なんばから南海電鉄に乗り、南海線の蛸地蔵駅で下車しました。そこから十分ほど歩くと天性寺に着きました。

まずは皆さんが気になるであろう蛸地蔵の名前の由来について紹介します。

本尊の地蔵菩薩像は聖地に祀られていましたが、戦でお堂が焼き払われ、地蔵菩薩像は海に投げ込まれました。

南北朝時代のある年、岸和田に大きな津波が起こりました。しかし、家々にはたいした被害もありませんでした。人々は不思議に思って海岸に出てみると、蛸に取り囲まれた地蔵菩薩像が岸に上がっていました。これは岸和田の守り本尊であるとしてお城にお祀りしましたが、まだ世の中が治まっていないので、城のお堀の中に入れました。

時が過ぎ、戦国時代、紀州根来衆が岸和田城に攻め寄せてきました。紀州の多勢に対して無勢の岸和田、岸和田城は落城寸前となりました。その時、一人の白法師が現れ、敵をさんざん打ち負かしました。また同時に無数の蛸も現れて、毒気を相手に吹き込んだので、さしもの根来衆も退却しました。

戦いが終わった後、城主は白法師を探しましたが見つかりませんでした。ある夜、白法師が城主の枕元に立ち、地蔵菩薩の化身であることを告げました。城主がお堀の中を探したところ、地蔵菩薩像を発見しました。
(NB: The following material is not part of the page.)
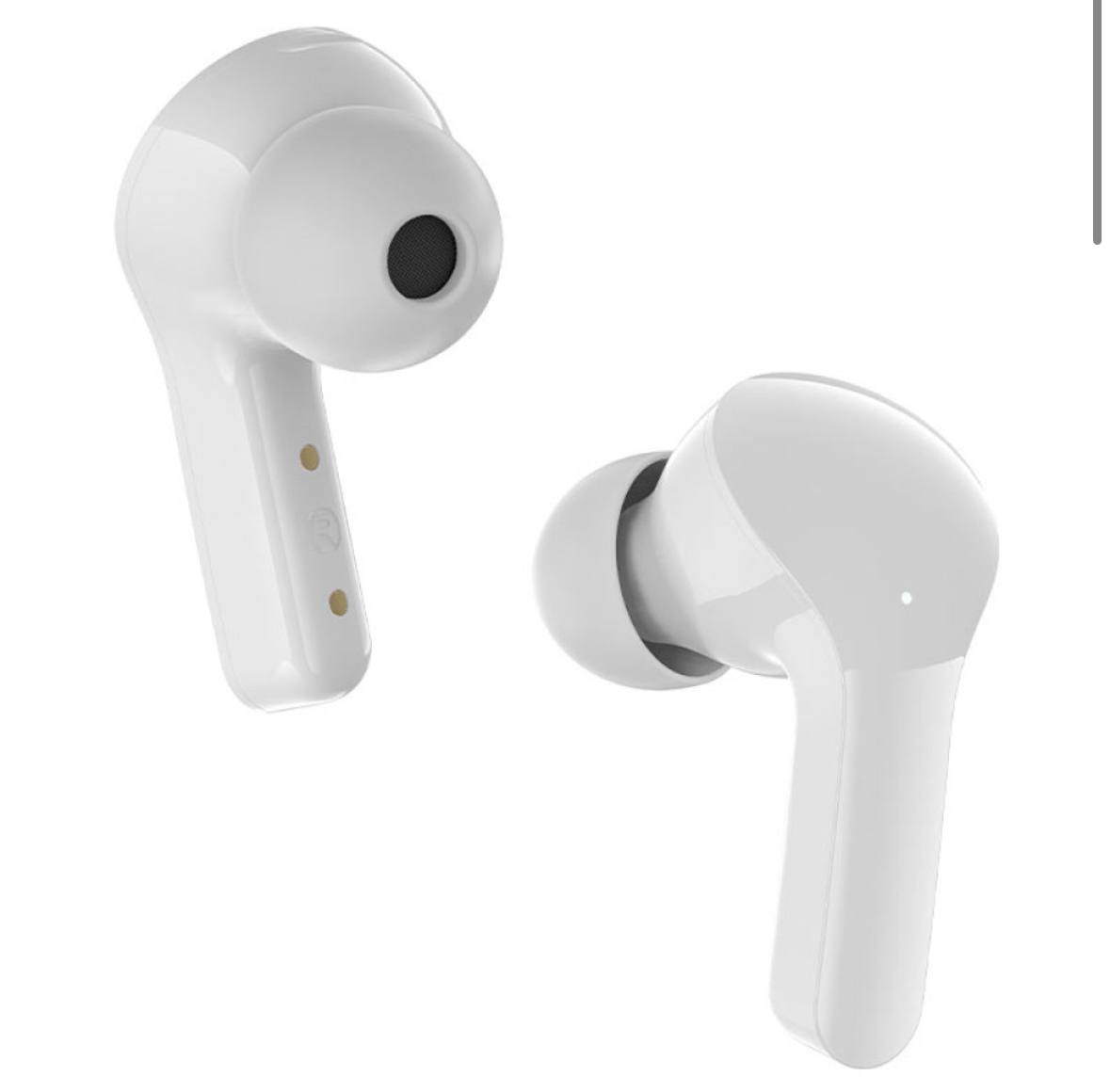 Бездротові навушники Acefast T6 - Зображення 5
そして、城内にお堂を造り、そこにお祀りしました。しかし、城内では一般衆生がいつでもお参りできないので、江戸時代に天性寺に祀られることになりました。

以上が蛸地蔵菩薩像の縁起です。以下、散策記に戻ります。

山門から境内に入るとまず目に入るのが、立派な本堂です。後でお寺の方に教えて頂いたのですが、近くにある岸和田城を守る為にお寺がこの辺りに集められたそうで、天性寺は堂内に兵士が滞在できるように本堂が大きく造られたそうです。



境内には聖徳太子、観音菩薩、地蔵菩薩を祀るお堂もあり、それらを拝観していると本堂に上げて頂けるとのことで、堂内に上がらせて頂きました。堂内にはお前立ちのお地蔵様、蛸地蔵さんが天性寺に来られる前から祀られていた阿弥陀三尊像が安置されていました。
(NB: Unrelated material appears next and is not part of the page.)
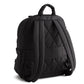Bancroft Backpack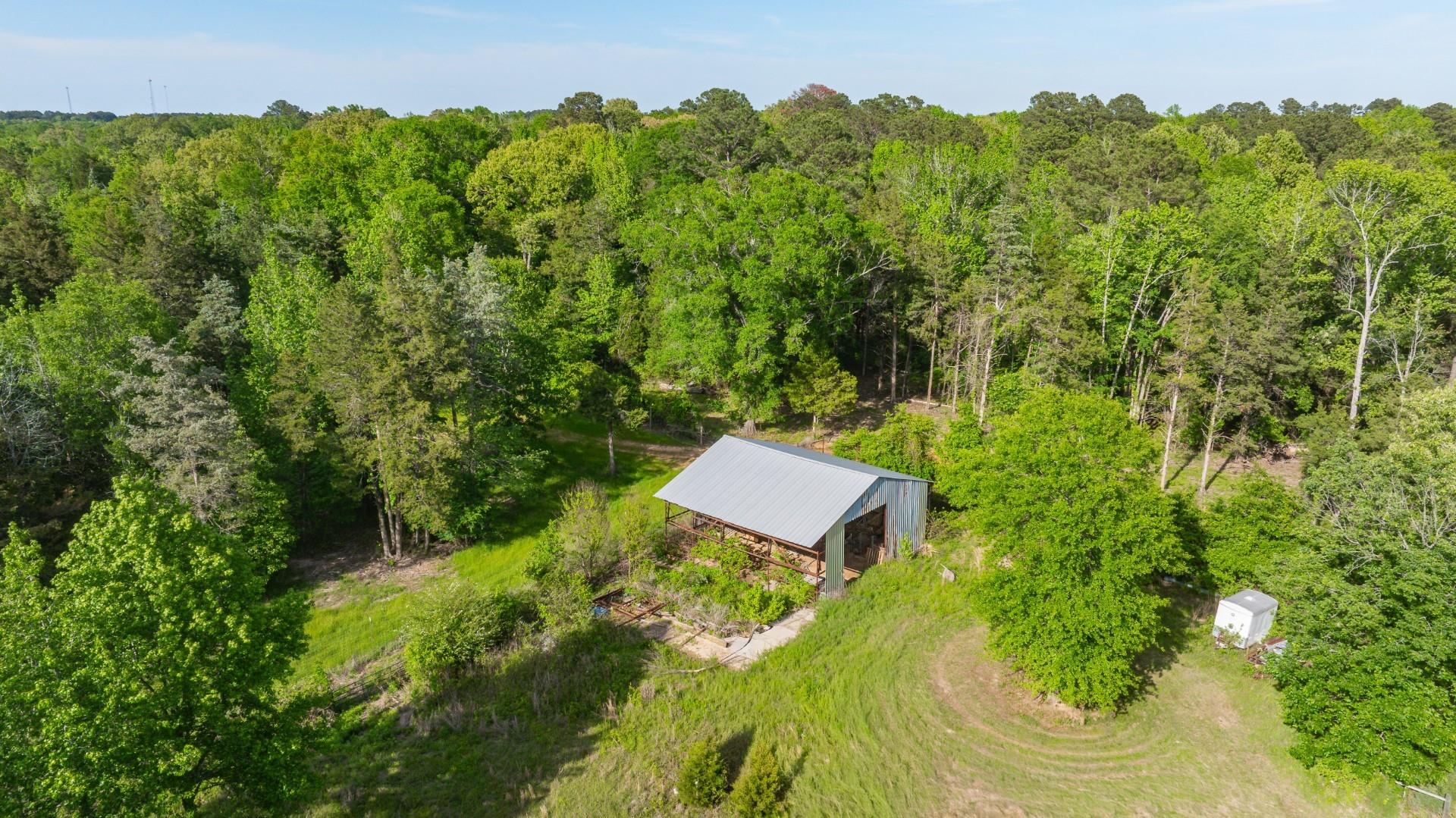 main property photo 36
お茶の接待を受けながらお寺の方と話すと、お寺の方はタコを食べないそうです。また、祈願する人は一年または三年間、タコを食べずに信仰することになっているそうです。そして、本来は予約が必要な天性寺聖地蔵尊縁起絵巻の解説もして頂きました。絵巻の解説は上述した縁起の話を分かり易く説明したもので、とても為になりました。

また、お寺を訪れた時には体で感じることが大切だと話してくれました。お寺を訪れた時に眼だけを通して感じていれば、テレビやDVDなどでお寺の映像を見ているのとほとんど変わりません。

地蔵菩薩とは大地の仏様です。地を司る仏として、たくさんの土地に祀られています。
大地は宝の蔵であり、無尽の宝物を貯蔵して、それらを万物に恵み与え、また、万物の発育、成長、開花、結実せしめる偉大なる不可思議な力を与え給う。これが地蔵菩薩の恩徳であると案内書には書かれていました。

蛸地蔵天性寺では本当に良いお寺めぐりができました。下の画像は、お寺で掲げてあった絵馬に描かれていた蛸です。おそらく一つ一つが手書きだと思います。



南海電鉄蛸地蔵駅にある天性寺聖地蔵尊縁起絵巻を基にしたステンドグラスも紹介します。最初のステンドグラスでは白法師が活躍しています。次のステンドグラスでは蛸が根来衆と戦っています。いきなり、巨大な蛸が現れたら、天下に知られた根来衆でも退却するでしょう。